* _Information shown_

↓

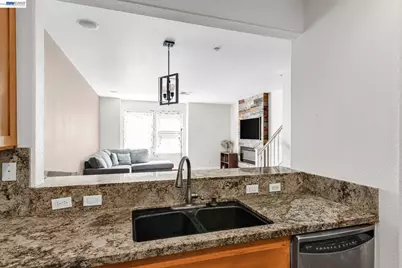 6003 Old Quarry Loop, Oakland, CA 94605 - Photo 11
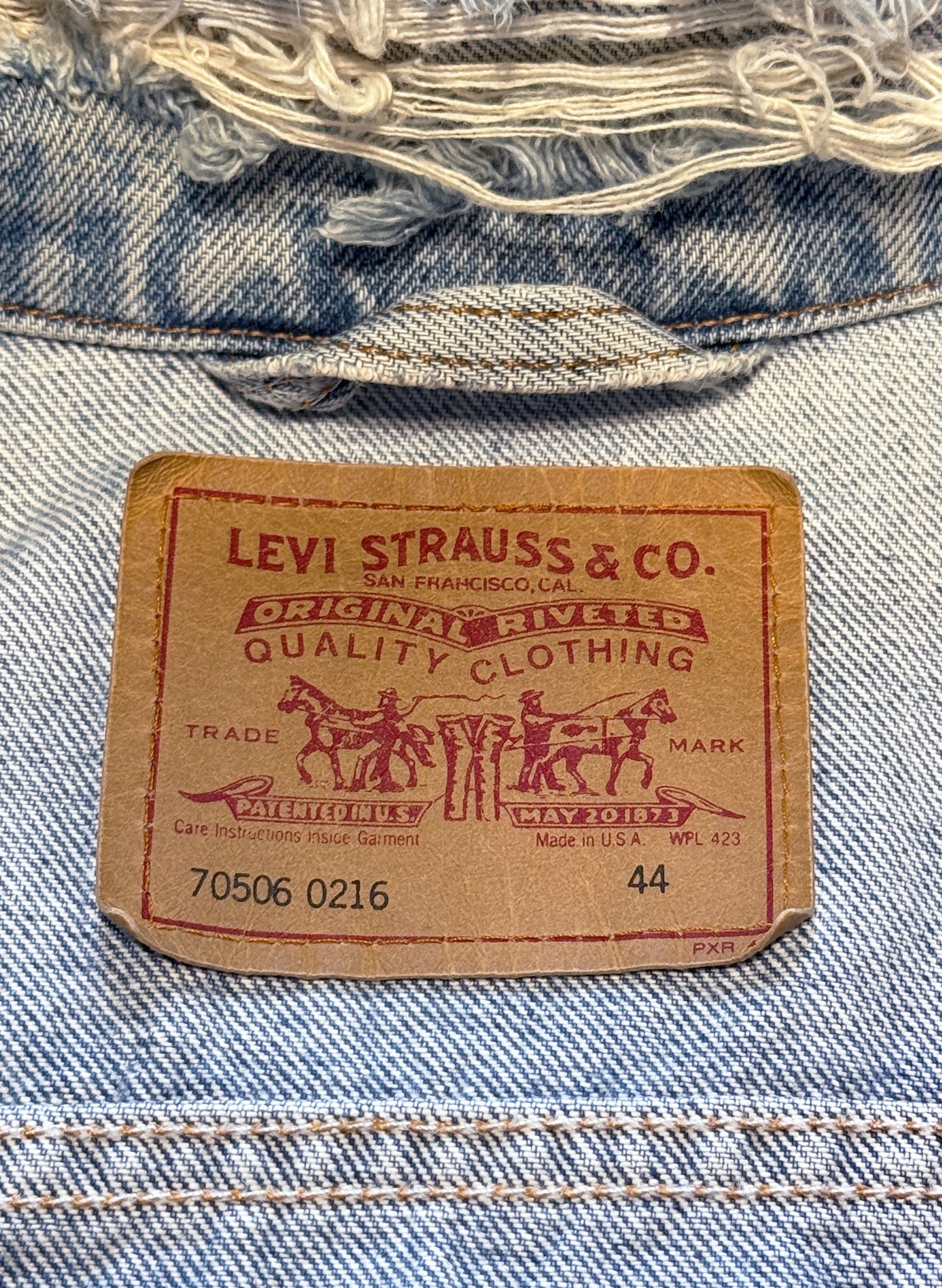 (SUP-609) 90s LEVI'S 70506 0216 "BORO" DENIM JACKET - MADE IN U.S.A.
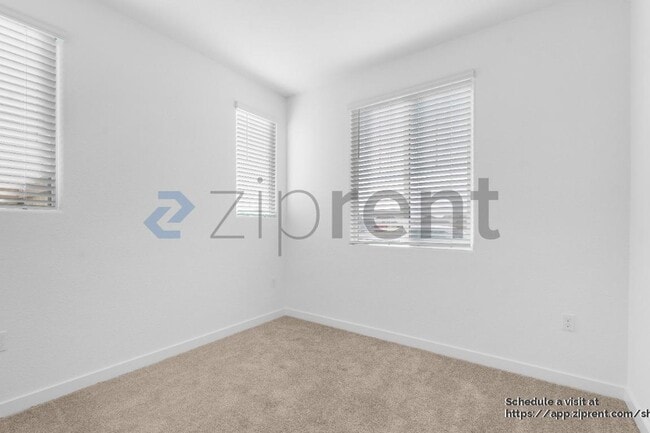 Building Photo - 10365 Bayson Wy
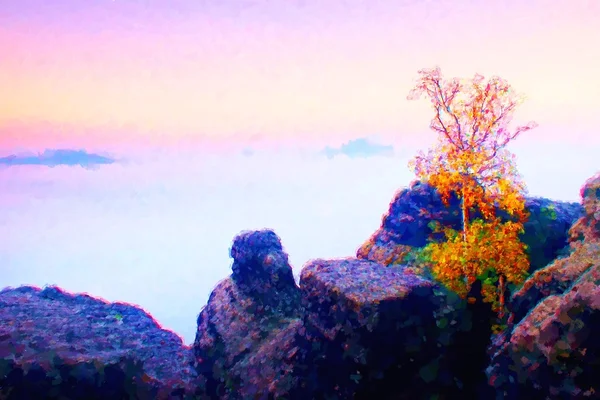 Akvarell festék. Festék hatása. Fa ködös-óceáni sziget. Gyönyörű hegyi teljes Hold éjszaka. Csúcsok krémes köd. — Stock Fotó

↑

* _Description of the task_
I would like the material above returned exactly as it stands, without its pictures.

* _Response_
 6003 Old Quarry Loop, Oakland, CA 94605 - Photo 11
 (SUP-609) 90s LEVI'S 70506 0216 "BORO" DENIM JACKET - MADE IN U.S.A.
 Building Photo - 10365 Bayson Wy
 Akvarell festék. Festék hatása. Fa ködös-óceáni sziget. Gyönyörű hegyi teljes Hold éjszaka. Csúcsok krémes köd. — Stock Fotó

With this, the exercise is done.